OPINION

Who has the power?

SYRIZA chief Alexis Tsipras belongs to a generation of young people who made their political presence felt at high school by staging occupations and went on to continue their activities at university. When this movement first emerged, the average middle-class Greek did not know what to make of it, but this confusion was soon followed by opposition and anger.

As Tsipras and his kind held sit-ins and rallies, many of their fellow students kept their heads down and distinguished themselves academically only to find themselves today having to look overseas for work. Tsipras, on the other hand, has his eye on the premiership and he may just succeed.

Citizens who have no ulterior motives lament the absence of a new political leadership arising from the middle class, but the middle class itself has gone.

In general terms there is a prevalent nostalgia for the elites that were responsible for Greece’s fate from its founding until just a few decades ago. That said, the sorry state of the country today is the work of the elites from the late 1970s onward. They failed because they did not understand that modernization is not a mechanical process, but one that depends on the formation of new perceptions regarding the whole of society rather than a chosen few.

Greece has often found itself in trouble, but the monarchy was catalytic in creating a new elite that restarted the nation after crises. The end of the monarchy paved the way for the self-made politician, of which Tsipras is a perfect embodiment. And while being self-made is certainly something to be proud of in other areas, in politics it can be very risky.

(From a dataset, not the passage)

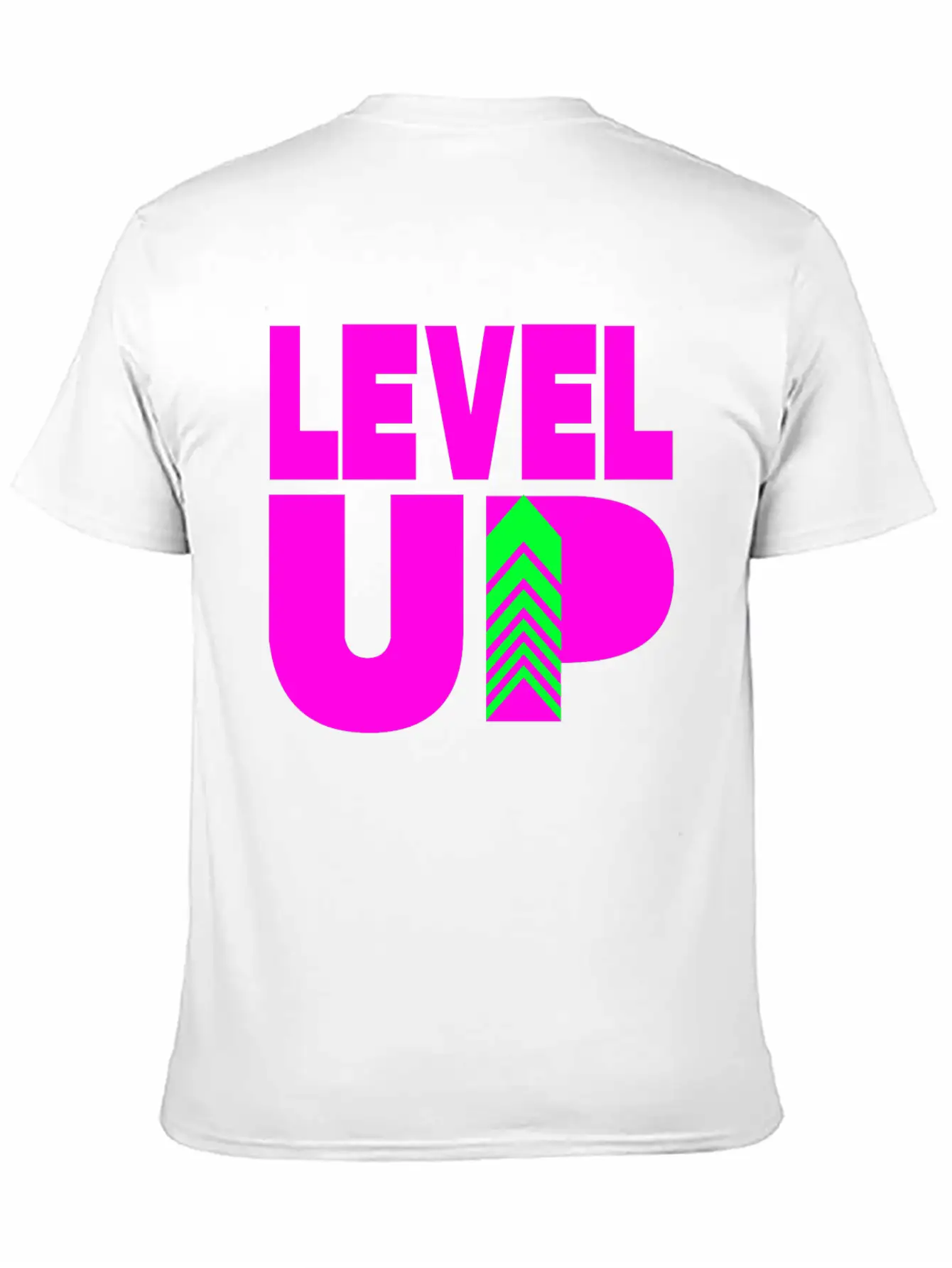 Level Up Neon Pink Unisex Casual T-Shirt – Clean Design For Daily Comfort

The violence of the changes intended to bring the Greek economy in line with that of Europe is what led to the demise of PASOK and the complete fragmentation of the Greek right. We are possibly on the road to the complete demolition of the political system. In the grander scheme of things, Tsipras is simply a manifestation of the delusions harbored by early PASOK. The influence that could redraw the political map is that being exerted by Golden Dawn. It may be curbed by the creation of a unified political body by those who left New Democracy.